## [Aim of the exercise]
Any image in the records should be left out; output everything else exactly.

═══ Source data ═══

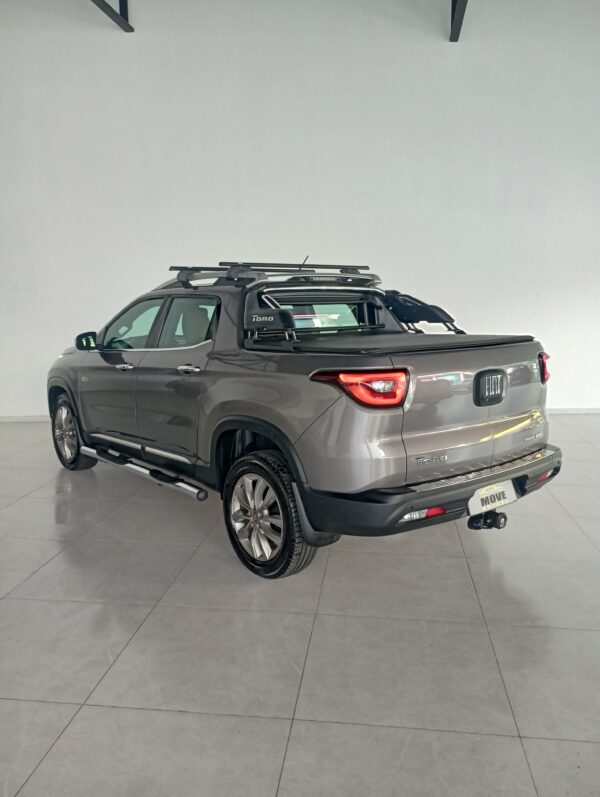 FIAT TORO RANCH AT9 4X4 2.0 DIESEL 2021 - Image 9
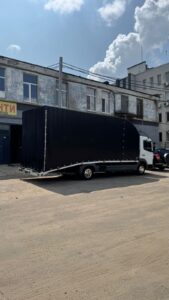 2 закрытый эвакуатор в Днепре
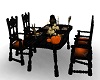 halloween table 5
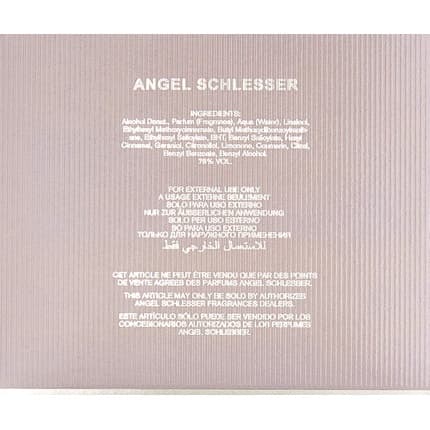 Angel Schlesser for her sensual - Eau de Parfum 100ml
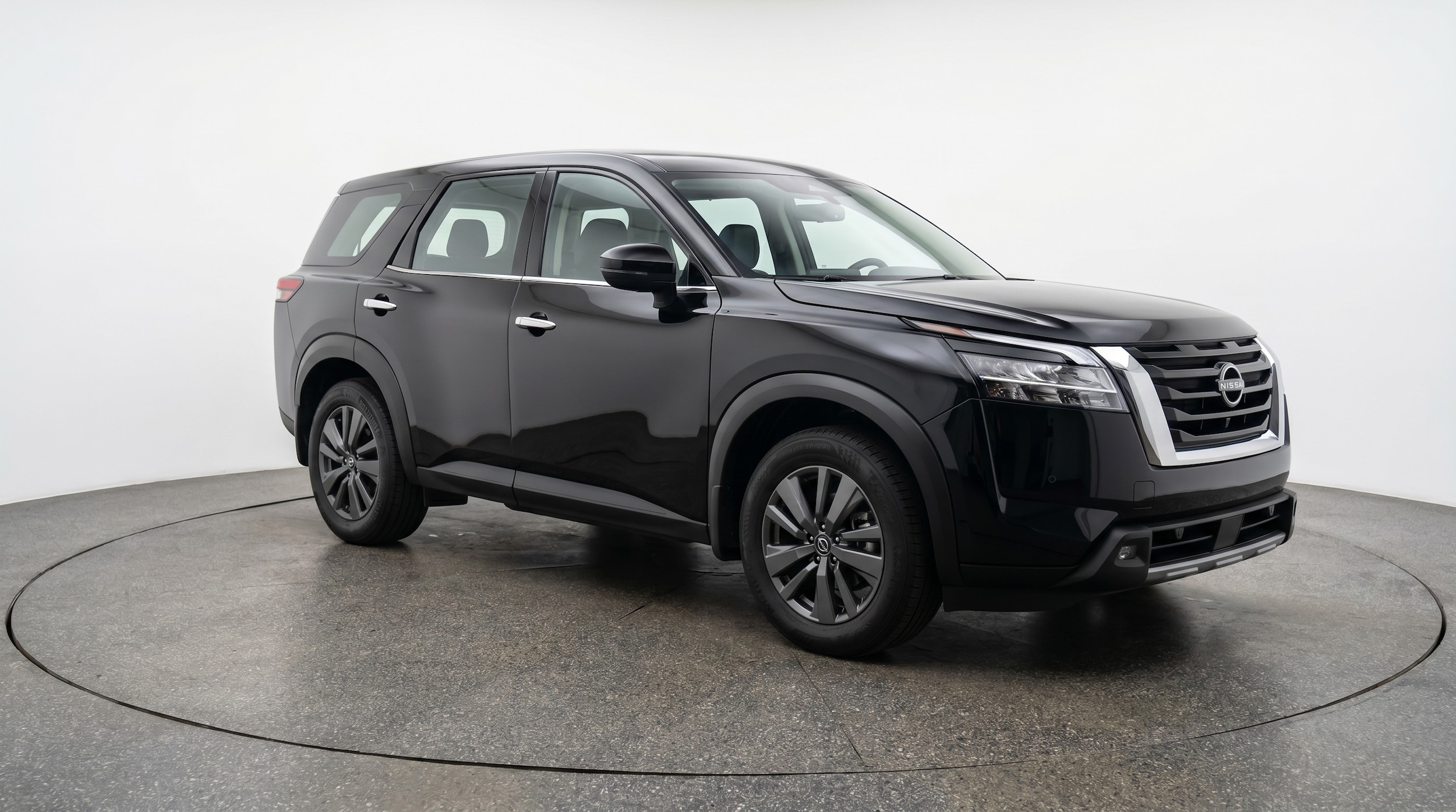 Thumbnail: 2025 Nissan Pathfinder - 1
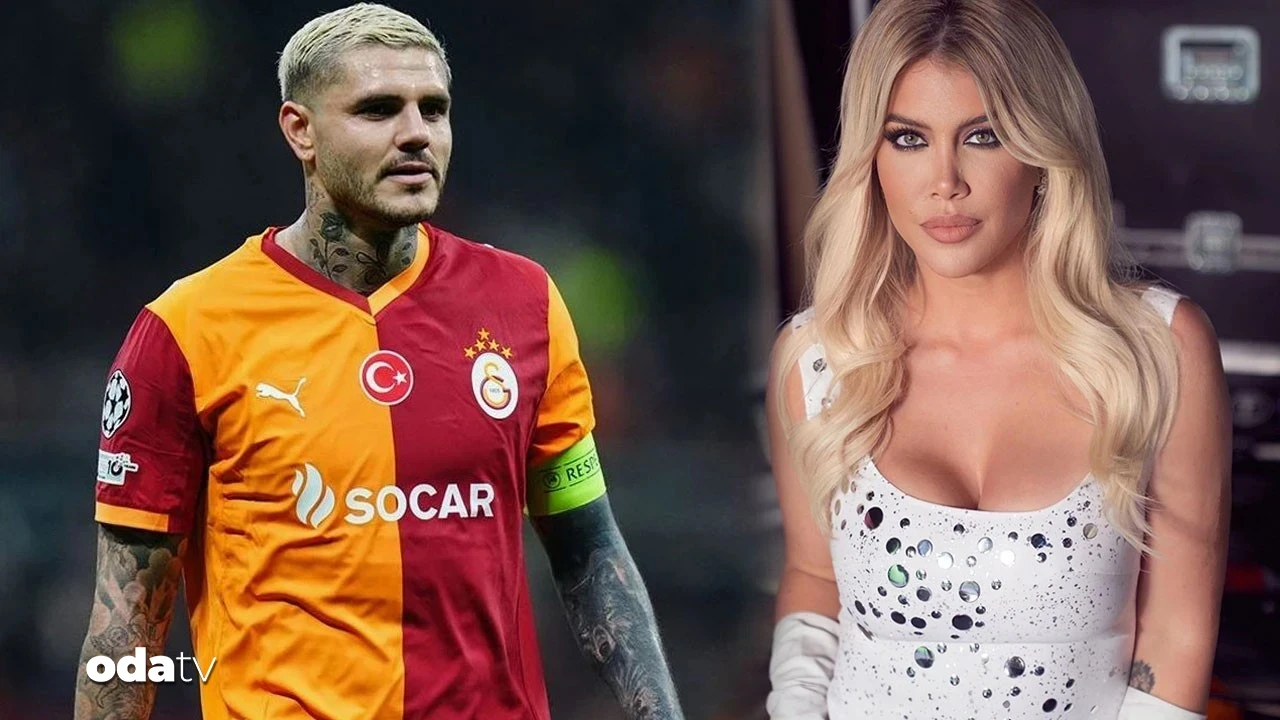 Icardi'den istemişti... Wanda Nara'ya nafaka davasından kötü haber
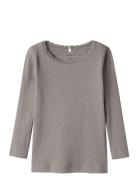 Name It Nmfkab Ls Top Noos Beige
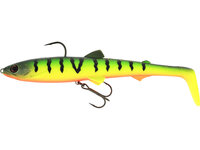 Westin Bullteez Shadtail R2F Sinking Tiger Perch (18cm)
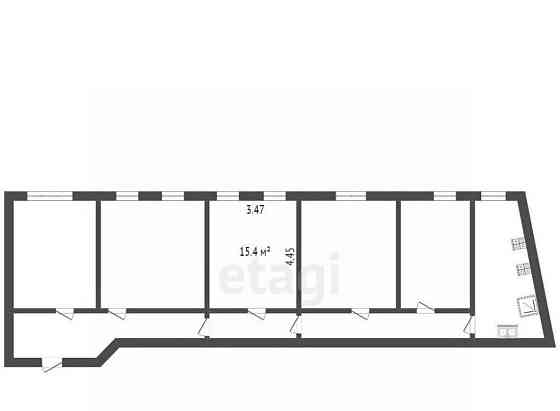Комната, 15.4 м2, 6/7 эт. Санкт-Петербург
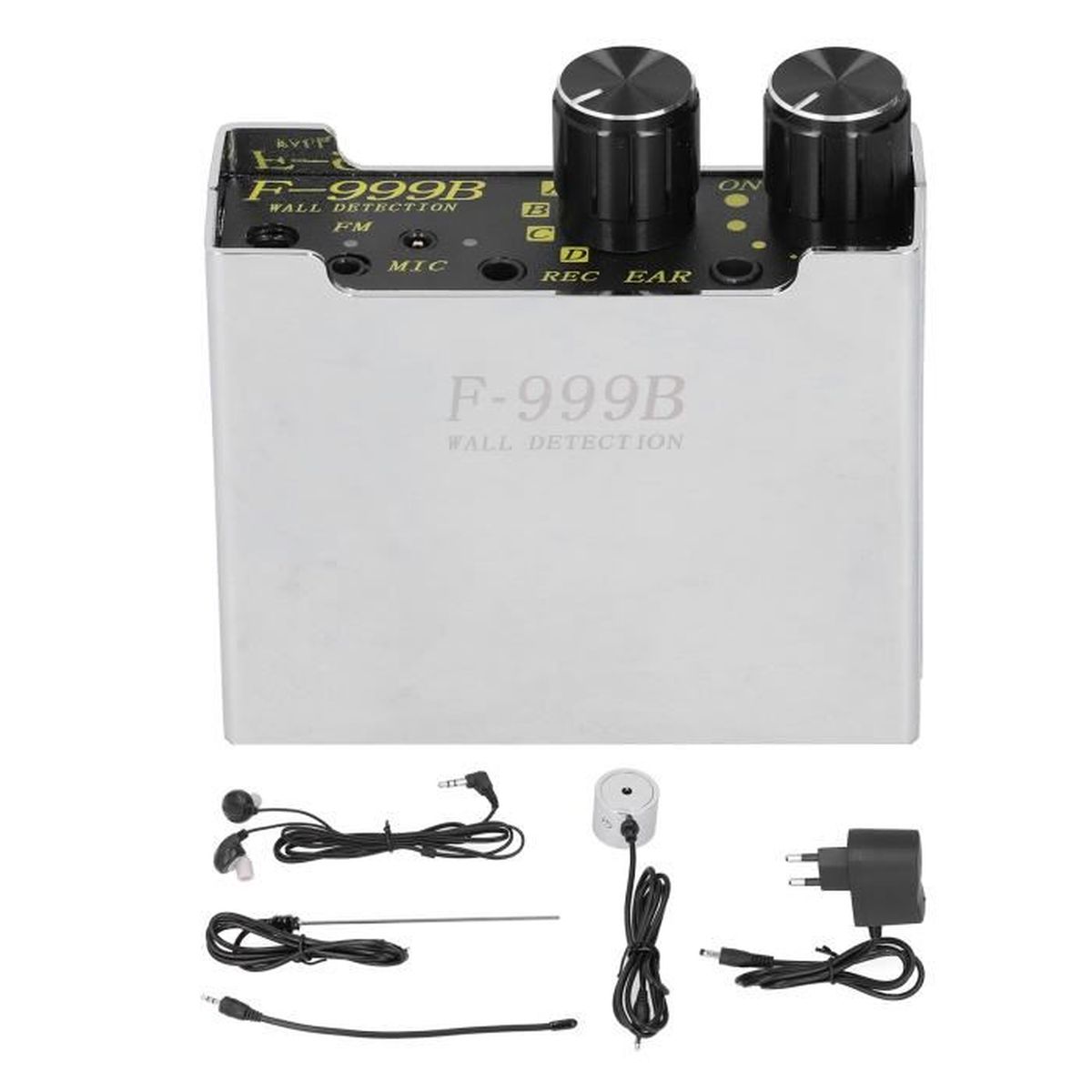 Amplificateur De Sensibilité Militaire Avec Tubes - Modèle 5682, 12AX7, 12AU7 - Occasion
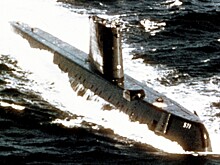 Догнать Nautilus: как конкурировали атомные подлодки СССР и США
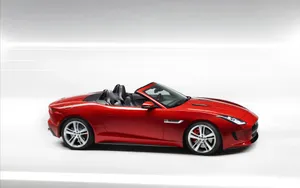 Jaguar 捷豹 F-Type 2014_4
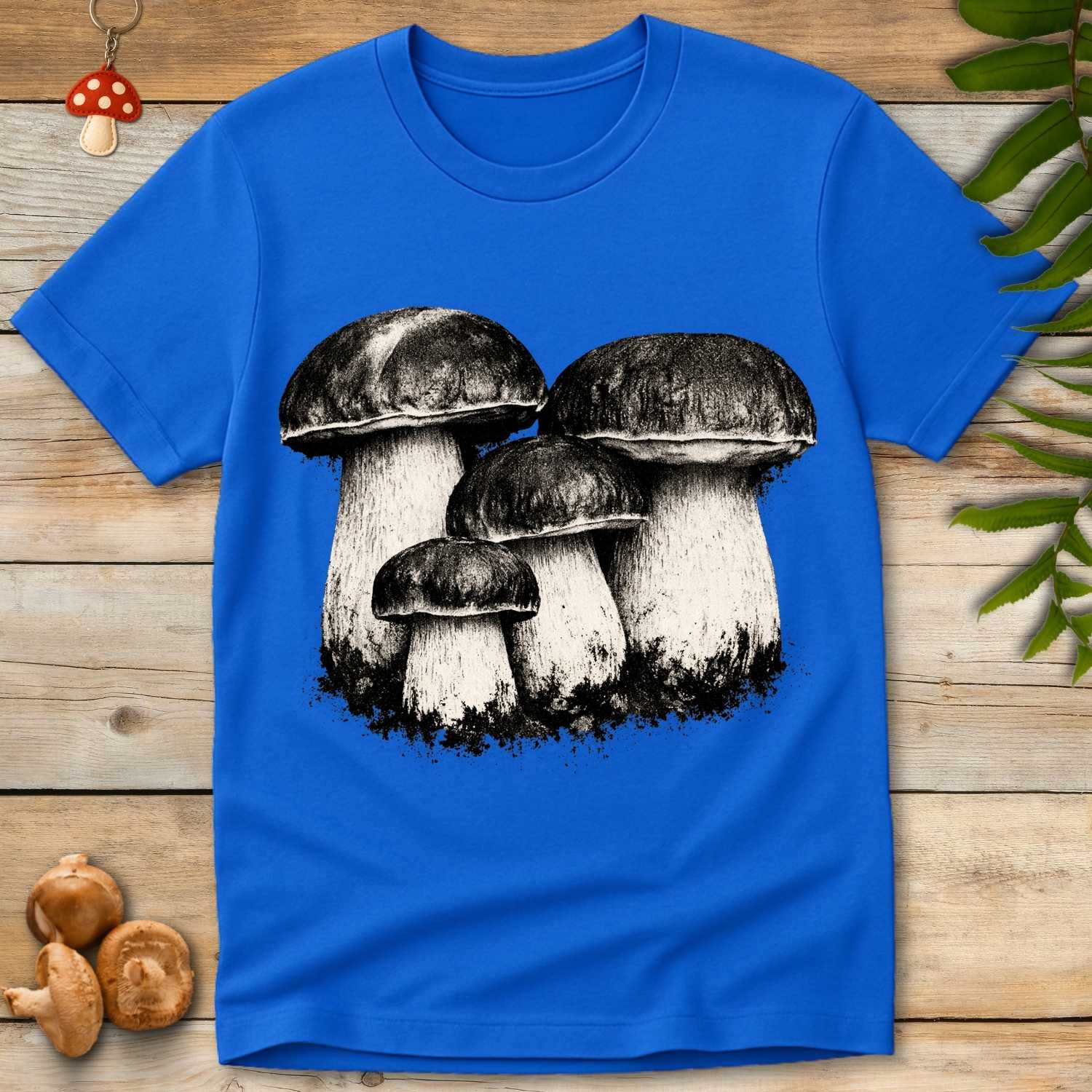 Porcini Grunge Tee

═══

## [Reply to the task]
 FIAT TORO RANCH AT9 4X4 2.0 DIESEL 2021 - Image 9
 2 закрытый эвакуатор в Днепре
 halloween table 5
 Angel Schlesser for her sensual - Eau de Parfum 100ml
 Thumbnail: 2025 Nissan Pathfinder - 1
 Icardi'den istemişti... Wanda Nara'ya nafaka davasından kötü haber
 Name It Nmfkab Ls Top Noos Beige
 Westin Bullteez Shadtail R2F Sinking Tiger Perch (18cm)
Комната, 15.4 м2, 6/7 эт. Санкт-Петербург
 Amplificateur De Sensibilité Militaire Avec Tubes - Modèle 5682, 12AX7, 12AU7 - Occasion
 Догнать Nautilus: как конкурировали атомные подлодки СССР и США
 Jaguar 捷豹 F-Type 2014_4
 Porcini Grunge Tee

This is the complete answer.